REQUIRED ACTION:
Below is a listing; retype exactly the lines between the one containing "Four Step Process" and the one containing "Buttons on denimの写真素材", inclusive, minus the pictures.

DATA SHOWN:
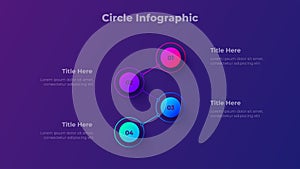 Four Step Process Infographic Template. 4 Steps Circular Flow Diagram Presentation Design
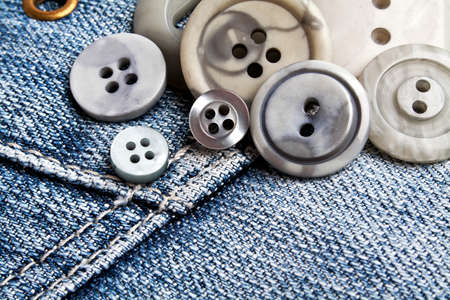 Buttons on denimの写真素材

---

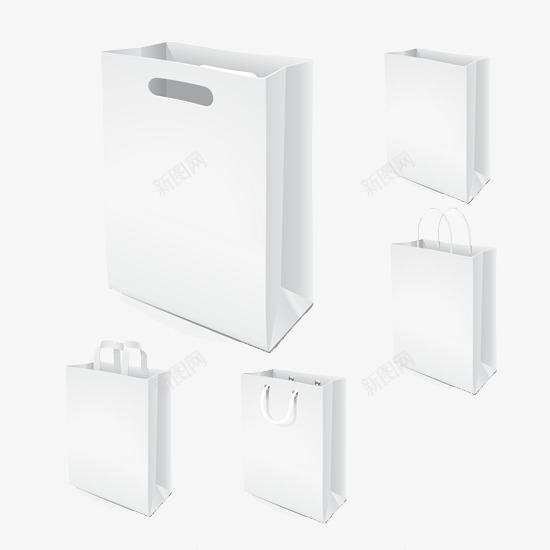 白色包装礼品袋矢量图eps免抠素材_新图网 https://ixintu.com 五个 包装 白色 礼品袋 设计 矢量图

==

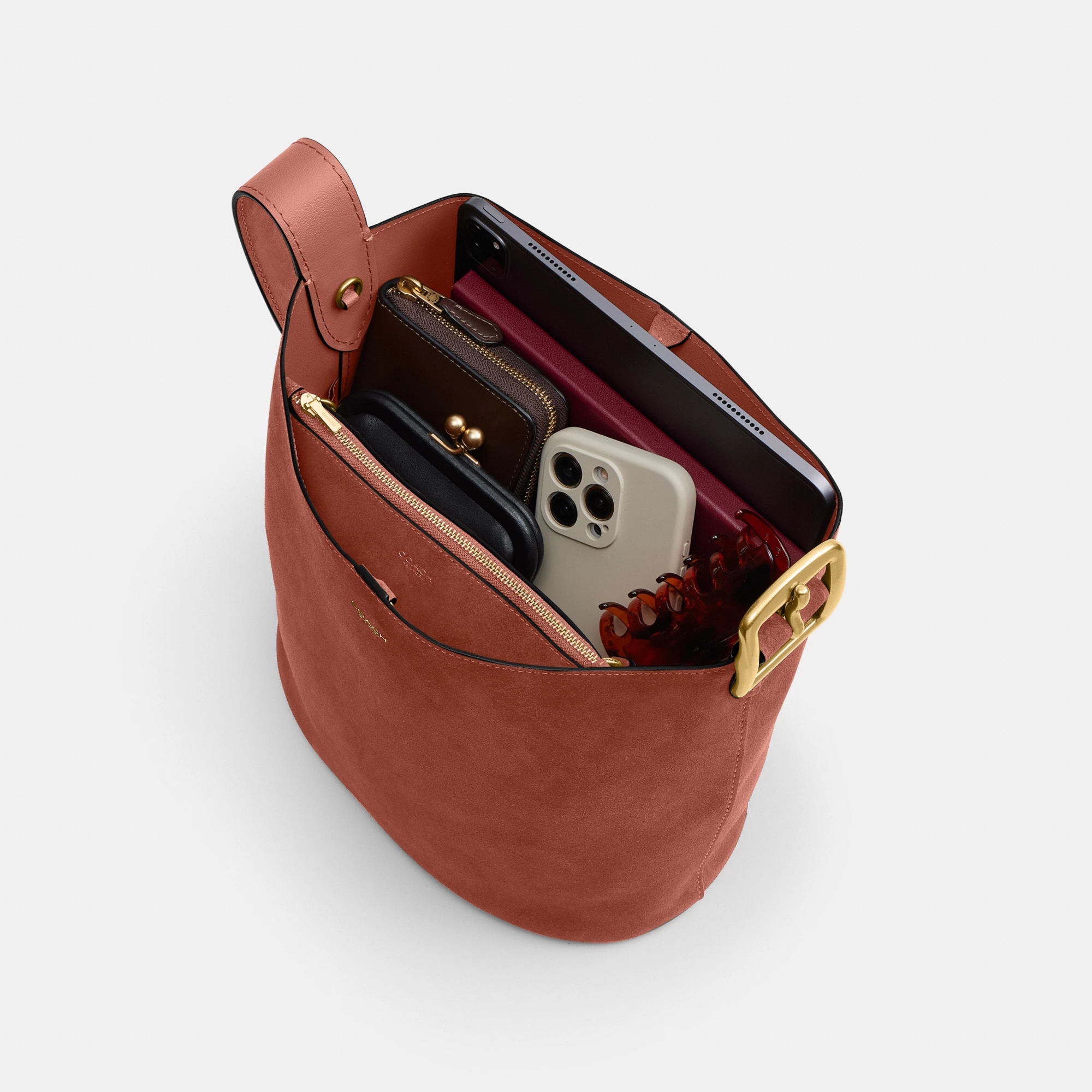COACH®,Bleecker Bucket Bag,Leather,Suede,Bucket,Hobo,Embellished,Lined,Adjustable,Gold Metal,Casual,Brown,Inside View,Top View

EXERCISE RESPONSE:
 Four Step Process Infographic Template. 4 Steps Circular Flow Diagram Presentation Design
 Buttons on denimの写真素材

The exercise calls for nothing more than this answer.